From the entries below, transcribe exactly the lines between the line holding "Картинка природа восходы" and the line holding "Local lawn mowing", inclusive; skip all other lines.
(Information supplied begins)
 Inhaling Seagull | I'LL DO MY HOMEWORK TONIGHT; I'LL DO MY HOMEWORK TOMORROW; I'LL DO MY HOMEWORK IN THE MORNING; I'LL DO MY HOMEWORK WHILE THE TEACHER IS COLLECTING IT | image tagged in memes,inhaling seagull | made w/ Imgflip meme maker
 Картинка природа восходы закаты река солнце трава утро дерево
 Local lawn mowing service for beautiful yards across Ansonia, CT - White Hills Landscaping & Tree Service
(Information supplied ends)
(Information supplied begins)
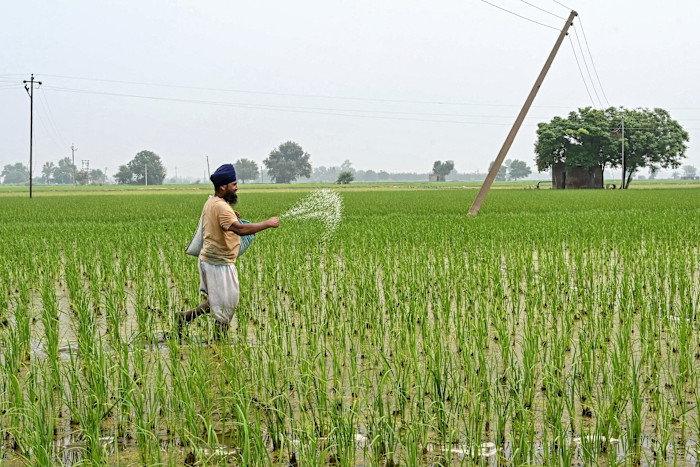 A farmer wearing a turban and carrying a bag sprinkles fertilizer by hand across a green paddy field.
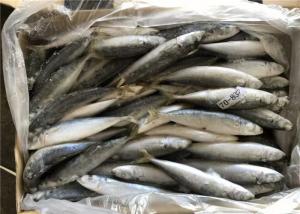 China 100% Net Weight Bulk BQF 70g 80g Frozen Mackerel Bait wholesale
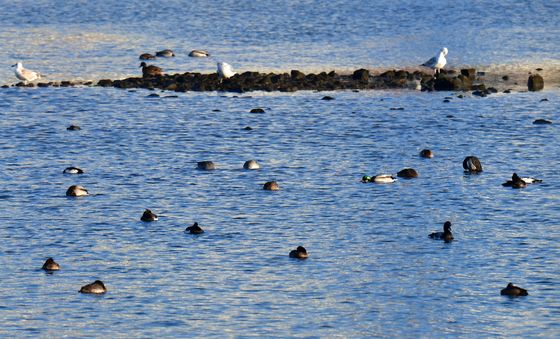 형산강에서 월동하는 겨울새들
(Information supplied ends)
(Information supplied begins)
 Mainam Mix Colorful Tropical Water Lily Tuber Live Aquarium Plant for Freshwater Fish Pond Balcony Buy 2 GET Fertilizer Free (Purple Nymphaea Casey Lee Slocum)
(Information supplied ends)
**Answer section**
 Картинка природа восходы закаты река солнце трава утро дерево
 Local lawn mowing service for beautiful yards across Ansonia, CT - White Hills Landscaping & Tree Service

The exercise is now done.